DNA extraction, target genomic region capture, and sequencing
Genomic DNA was extracted using QIAamp DNA Mini Kit (Cat.51306, Qiagen). DNA quantification and integrity were assessed using a Nanodrop spectrophotometer (Thermo Fisher Scientific, Inc., Wilmington, DE, US) and 1% agarose electrophoresis, respectively. Human genomic DNA samples were captured on an Agilent SureSelect whole exome library in accordance with the manufacturer’s protocol. Briefly, approximately 130 μl (3 μg) genomic DNA was sheared to 150 to 220 bp small fragments using a sonicator (Covaris, Inc., Woburn, MA, US). The sheared deoxyribonucleic acid (DNA) was purified and treated with reagents supplied with the kit according to the protocol. Adapters from Agilent were ligated onto the polished ends and the libraries were amplified by polymerase chain reaction (PCR). The amplified libraries were hybridized with the custom probes. The DNA fragments that were bound with the probes were washed and eluted with the buffer provided in the kit. Then these libraries were sequenced on the Illumina sequencing platform (HiSeq X-10, Illumina, Inc., San Diego, CA, US) and 150 bp paired-end reads were generated.

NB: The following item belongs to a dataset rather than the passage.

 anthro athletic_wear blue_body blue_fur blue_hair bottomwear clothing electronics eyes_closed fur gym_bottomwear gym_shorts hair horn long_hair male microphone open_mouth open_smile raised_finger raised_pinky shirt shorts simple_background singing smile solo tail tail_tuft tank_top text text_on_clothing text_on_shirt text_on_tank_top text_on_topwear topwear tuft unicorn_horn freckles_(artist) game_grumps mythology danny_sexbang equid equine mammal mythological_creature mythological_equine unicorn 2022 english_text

Bioinformatics pipeline for WES data filtering
Whole exome sequencing and analysis were conducted by OE Biotech Co., Ltd. (Shanghai, China). The raw data were compiled in fastq format. Further filtering of raw data for quality is necessary to produce high-quality clean reads that can be used for subsequent analysis. The preprocessing software is fastp (Version: 0.19.5), and the quality filtering standard is carried out in 4 steps: (1) removal of adapter sequences; (2) removal of reads with 5 or more N (non-AGCT) bases; (3) a sliding window with a size of 4 bases with an average base quality value is less than 20, then cut off; and (4) after these filtering steps, the reads shorter than 75 bp or with an average base quality value less than 15 were removed. Clean reads were aligned to the reference genome (hg19) utilizing the BWA (Burrows-Wheeler aligner, version 0.7.12). The mapped reads were sorted and indexed by using Samtools (Version 1.4), and the PCR repeats were removed using Picard (Version 4.1.0.0).

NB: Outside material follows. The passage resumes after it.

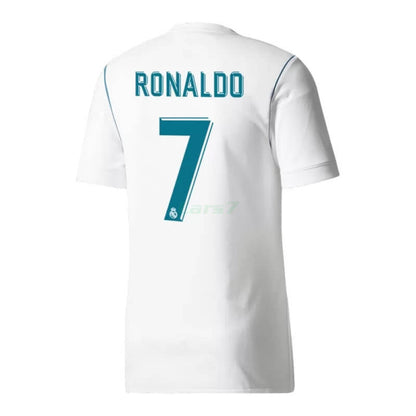Camiseta Real Madrid Ronaldo Retro Blanca 7# Niño y Adulto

GATK version 4.1.0.0 was then used for recalibration of the base quality score and for single nucleotide polymorphism (SNP) and insertion/deletion (INDEL) calling. Many annotation databases, such as Refseq, 1000 Genomes, the Catalogue of Somatic Mutations in Cancer (COSMIC), and OMIM, were used to SNP&INDEL annotation using ANNOVAR.
Somatic mutation screening
The screening principles for total mutation sites are as follows: 1) removal of at least one mutation in the four databases of the 1000 Genome Project, ESP6500 database, Exac data, and gnomAD data with a frequency higher than 1%; 2) retention of the variation of the exon region or the splice site region and removal of the variation of the synonymous mutation; 3) retention DP (supporting the total number of reads of the site) a mutation greater than or equal to 10; and 4) removal of the mutation sites that occur in more than 90% of the samples.

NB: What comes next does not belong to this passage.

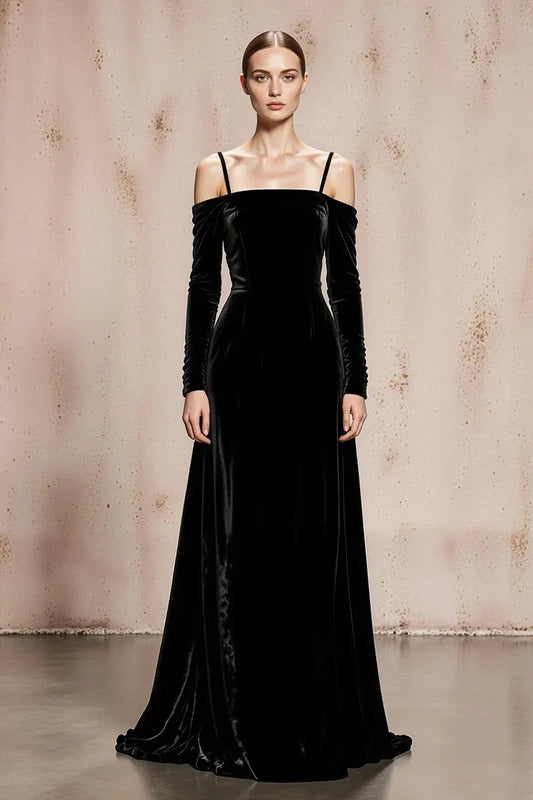 Elegant Off-Shoulder Velvet Maxi Evening Dress with Crisscross Back & Train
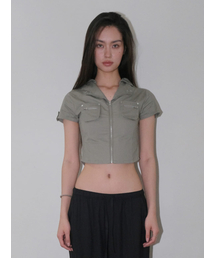 SHORT SLEEVE ZIP-UP SHIRTS [LIGHT KHAKI]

Mutation validation by Sanger sequencing
Polymerase chain reaction (PCR) was used to amplify target mutation sites in the genomic DNA samples. Each PCR was performed in volumes of 25 µL containing 12.5 μl 2xTaq Master Mix, 2 μl of forward and reverse primers (10 μM), and 20 ng of template DNA (PCR reagents were purchased from Vazyme). PCRs were carried out in ABI 9700. The amplification profile involved a denaturation step with Taq DNA polymerase for 5 min at 95°C, followed by a 35‐cycle PCR consisting of denaturation for 15 s at 95°C, annealing for 20 s at 60°C to 50°C, and elongation for 60 s at 72°C. The reactions were ended with a final extension step at 72°C for 7 min. The PCR products were separated on a 1% agarose gel and then subjected to Sanger sequencing.
Statistical analysis
Statistical analysis was performed using IBM SPSS Statistics 22.0 (SPSS, Chicago, IL, US). Demographic and clinicopathologic characteristics were compared using Fisher’s exact test for categorical variables, and a Student’s t test was used for continuous variables. A two-tailed P < 0.05 was considered to be statistically significant.